Lessons from Government intervention in Nigeria

An interesting account from Feyi Fawehinmi who is an accountant.

He points how interventions from Central Bank of Nigeria and the Government have benefited the two Palm oil producers in Nigeria. They have made more profits while producing less, employing less thanks to the bank which does not allow foreign competition in palm oil.


Time and time again, the government intervenes in a sector or the other. Time and time again Nigerians fall for it. The result is always to transfer wealth from Nigerians to lucky individuals or companies who can get on the right side of the government’s protection racket. Whether it be cement or palm oil or tomatoes — the result is always the same.

Nigerians fall for this because they make the mistake of thinking that the government is an impartial referee. It is not. The government takes sides and whoever is able to get government on its side will win the fight.

But there is something more pernicious at play here. Nigeria, for historical reasons, has a deeply exploitative culture. Whenever I mention Dangote, people are quick to tell me to go and watch The Men Who Built America and that America was that way too under Rockefeller and co. This is such nonsense to the point of it being offensive. Watching a documentary can only be the first step in understanding a topic. There’s more to the story.

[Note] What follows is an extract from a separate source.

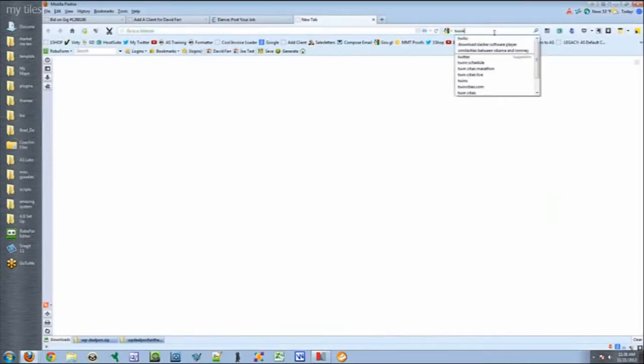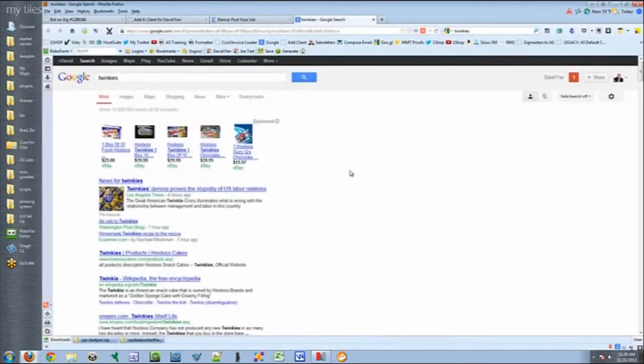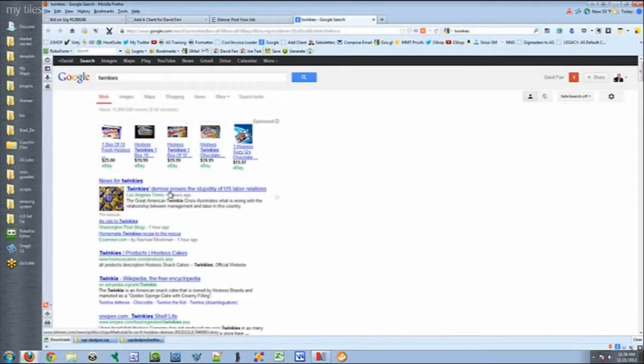Let's type in Twinkies because they just went out of business, right? So if we go to Twinkies, what are the first listings we see? News websites. And what about news websites, what is it about news websites different from our website? Well, news websites, their home page changes every single day. There's updated content every single day.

Before Rockefeller started selling kerosene, there were so many players in the market. But there was a problem — a lot of accidents happened from adulterated kerosene which often killed people. There was no branding. You bought your kerosene from wherever and used it like that. What Rockefeller then did was to introduce branding to kerosene selling. He started selling his kerosene from distinct blue Standard Oil trucks. In this way, he was offering some kind of guarantee — if you bought kerosene from him and it exploded, it could be traced back to him unlike before. Stuff like this is normal today, but back then it was novel. Further, the bigger his company grew, the lower he dropped prices. Starting from 26 cents per gallon, by the time he had cornered 90% of the market, he had dropped prices to 8 cents per gallon. You know to ask yourself whether you have seen this type of behaviour from any monopolist in Nigeria before.

Here’s the harsh uncomfortable truth — foreign competition is absolutelynecessary to keep Nigerians in line. If you remove it, the pattern of behaviour that will emerge is plain to see. To make things worse, those companies hardly ever improve and the government enforced sweet profits become so addictive that within a few years, they can no longer live without it.

If you believe that government is acting in your interest by restricting foreign competition to ‘grow the local economy’, go and see your doctor. Tell him to examine your head for you.

One always laughs when you hear markets touting experts praising some or the other government move to create jobs and so on.